Researchers at Brigham and Women’s Hospital (BWH) have found that a lifetime history of depression may be significantly associated with an early decline in ovarian function. Women in their late 30s and early 40s experiencing depressive symptoms and currently on medication to treat their mood disorders appear to be at the greatest risk of starting perimenopause at a younger age. These new findings are documented in an article published in the Jan. 13 issue of the Archives of General Psychiatry.
Among 976 study participants selected from the general population and followed for three years, a greater proportion of women with a history of depression reached perimenopause sooner than women with no depression history. The research team, which included colleagues at the Massachusetts General Hospital (MGH), concluded that a woman’s chances of transitioning to perimenopause at an earlier age appeared to be contingent on the severity of her depression and her medication use.
The subgroup of women who were experiencing depressive symptoms at the time of study enrollment were twice as likely to go through perimenopause at a younger age compared with women with no lifetime history of depression, and those experiencing depressive symptoms at study enrollment who were also on antidepressants were nearly three times more likely to reach an earlier onset of perimenopause.
According to the World Health Organization, perimenopausal transition is defined as the time immediately preceding menopause when the ovaries gradually begin to produce less estrogen. During this time, which typically begins during the fourth decade of life, women begin to experience changes in their usual menstrual cycle characteristics and may also begin to experience early menopausal symptoms such as hot flashes and sweats.
Depression, twice as common in women as men, affects approximately 7 million women in the United States. Given the higher risk of depression among women and the fact that menopause is a time of marked mood swings, Harlow and his co-authors were particularly interested in examining how the two conditions may interplay. Their data revealed a relationship between earlier menopause and depression – one that may have important public health implications.

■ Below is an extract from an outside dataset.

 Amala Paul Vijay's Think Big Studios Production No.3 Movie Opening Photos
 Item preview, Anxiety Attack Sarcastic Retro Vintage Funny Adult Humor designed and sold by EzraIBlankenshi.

“We found that the association between depression and an earlier transition to perimenopause may result in prolonged exposure to low estrogen levels. This state is associated with greater bone density loss, sexual dysfunction, a decline in cognitive function, and increased risk of heart disease,” said Harlow, also of BWH.
“Our research may encourage more screening for depression symptoms and history by gynecologists,” Harlow said. “Similarly, psychiatrists may also focus more attention on menstrual cycle changes and perimenopausal symptoms while screening late-reproductive-aged patients with recurrent mood disorder.”